A document priority clause generally won’t overcome poor drafting in subsidiary documents, according to a new English High Court judgment.1 Many commercial contracts (including most substantial ICT contracts) have schedules such as statements of work attached to the main contract. To reduce having to panel beat the schedules to get them “legally” right, parties rely on priority clauses by which the main contract terms gazump the scheduled terms.

That approach has always been flawed as most scheduled terms stand on their own and there’s no priority issue. Particularly significant is that the terms of most importance are usually in the schedule not in the document that gets the legal focus: the main contract. The frequent focus by parties and lawyers on just the main terms is inexplicable.
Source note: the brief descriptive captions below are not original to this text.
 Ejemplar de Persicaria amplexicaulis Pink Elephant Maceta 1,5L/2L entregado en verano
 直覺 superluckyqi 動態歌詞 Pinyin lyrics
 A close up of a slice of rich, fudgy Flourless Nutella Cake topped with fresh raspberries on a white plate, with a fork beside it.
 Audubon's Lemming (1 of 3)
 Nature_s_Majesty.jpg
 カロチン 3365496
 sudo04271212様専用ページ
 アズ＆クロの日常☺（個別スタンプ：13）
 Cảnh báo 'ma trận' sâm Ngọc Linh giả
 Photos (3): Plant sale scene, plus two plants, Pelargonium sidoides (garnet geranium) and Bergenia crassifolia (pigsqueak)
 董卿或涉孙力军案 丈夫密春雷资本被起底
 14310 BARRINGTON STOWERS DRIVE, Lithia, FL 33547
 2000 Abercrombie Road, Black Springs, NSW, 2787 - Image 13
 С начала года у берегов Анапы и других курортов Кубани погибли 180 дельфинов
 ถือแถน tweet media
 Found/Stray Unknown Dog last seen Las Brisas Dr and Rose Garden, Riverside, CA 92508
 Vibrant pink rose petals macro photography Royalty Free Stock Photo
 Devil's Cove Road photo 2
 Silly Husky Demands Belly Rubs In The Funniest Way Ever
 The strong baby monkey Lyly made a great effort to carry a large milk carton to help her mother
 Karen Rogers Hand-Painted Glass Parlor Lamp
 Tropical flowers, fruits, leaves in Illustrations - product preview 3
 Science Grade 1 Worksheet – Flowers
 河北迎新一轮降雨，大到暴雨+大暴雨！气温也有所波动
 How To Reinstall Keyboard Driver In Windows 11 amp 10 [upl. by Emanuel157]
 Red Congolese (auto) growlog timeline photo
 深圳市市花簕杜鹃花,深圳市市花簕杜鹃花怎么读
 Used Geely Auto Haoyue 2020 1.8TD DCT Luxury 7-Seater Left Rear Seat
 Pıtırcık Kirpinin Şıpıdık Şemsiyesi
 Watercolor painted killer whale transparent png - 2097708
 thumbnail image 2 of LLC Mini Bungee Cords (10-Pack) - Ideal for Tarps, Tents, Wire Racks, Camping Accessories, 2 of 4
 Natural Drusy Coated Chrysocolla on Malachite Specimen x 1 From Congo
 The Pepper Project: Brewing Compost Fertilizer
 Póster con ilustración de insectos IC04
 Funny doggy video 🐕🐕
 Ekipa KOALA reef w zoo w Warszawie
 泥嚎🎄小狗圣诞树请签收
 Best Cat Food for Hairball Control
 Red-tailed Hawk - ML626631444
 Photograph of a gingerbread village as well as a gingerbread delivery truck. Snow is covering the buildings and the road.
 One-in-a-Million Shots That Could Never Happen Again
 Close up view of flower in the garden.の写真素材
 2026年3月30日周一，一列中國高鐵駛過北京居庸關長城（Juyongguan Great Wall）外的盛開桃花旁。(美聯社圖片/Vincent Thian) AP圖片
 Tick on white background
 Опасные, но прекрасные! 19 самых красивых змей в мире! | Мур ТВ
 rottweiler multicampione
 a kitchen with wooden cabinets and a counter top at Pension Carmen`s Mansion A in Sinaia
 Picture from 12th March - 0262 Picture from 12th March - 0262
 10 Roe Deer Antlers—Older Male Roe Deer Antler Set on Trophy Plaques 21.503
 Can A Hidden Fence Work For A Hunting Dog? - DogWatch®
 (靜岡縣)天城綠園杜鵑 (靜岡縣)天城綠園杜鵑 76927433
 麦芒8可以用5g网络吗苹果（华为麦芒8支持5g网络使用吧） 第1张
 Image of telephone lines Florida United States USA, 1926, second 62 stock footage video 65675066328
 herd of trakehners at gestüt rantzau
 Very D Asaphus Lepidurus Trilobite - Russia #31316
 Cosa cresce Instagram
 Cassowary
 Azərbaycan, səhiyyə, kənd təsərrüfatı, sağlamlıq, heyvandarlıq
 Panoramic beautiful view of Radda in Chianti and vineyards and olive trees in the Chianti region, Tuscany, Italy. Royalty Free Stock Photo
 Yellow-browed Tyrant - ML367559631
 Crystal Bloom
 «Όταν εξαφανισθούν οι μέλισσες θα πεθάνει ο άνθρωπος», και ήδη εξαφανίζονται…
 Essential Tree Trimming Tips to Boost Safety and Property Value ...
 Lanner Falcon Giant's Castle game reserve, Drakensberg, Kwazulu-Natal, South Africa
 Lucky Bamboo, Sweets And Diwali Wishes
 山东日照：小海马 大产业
This new case makes such flawed reliance on priority clauses even less tenable: usually, the overall contract including schedules will be interpreted to derive the intention of the parties. The courts won’t just look at the terms that have the priority in the head contract document. That applies the modern approach to contract interpretation of “determining objectively what a reasonable person with all the background knowledge reasonably available to the parties at the time of the contract would have understood the parties to have meant and one is looking to adopt the more rather than less commercial construction.” 2

The contract in this case had a typical priority clause, along with confirmation that all the documents are “deemed to form and be read and construed as part of this Agreement”. As the Judge said, such a contract is to be construed in the usual way by reference to all the documents forming part of the contract. It is only if there is an ambiguity or discrepancy between two or more contract documents that there needs to be regard to the order of precedence.

Generally there isn’t a need for applying the priority clause, as the contract can be interpreted as a whole. The court said:3

One can take an example where the [head contract] document required the powerhouse to be painted white but the [Schedule] required it to be painted black. That is on its face an irreconcilable ambiguity and the contract would be construed as requiring white paint.

What one can not and should not do is to carry out an initial contractual construction exercise on each of the material contract documents on any given topic and then, so to speak, compare the results of that exercise to see if there is an ambiguity. If it is possible to identify a clear and sensible commercial interpretation from reviewing all the contract documents which does not produce an ambiguity, that interpretation is likely to be the right one; in those circumstances, one does not need the “order of precedence” to resolve an ambiguity which does not actually on a proper construction arise at all.”

Panel beating schedules involves time and cost, but it often produces far better outcomes.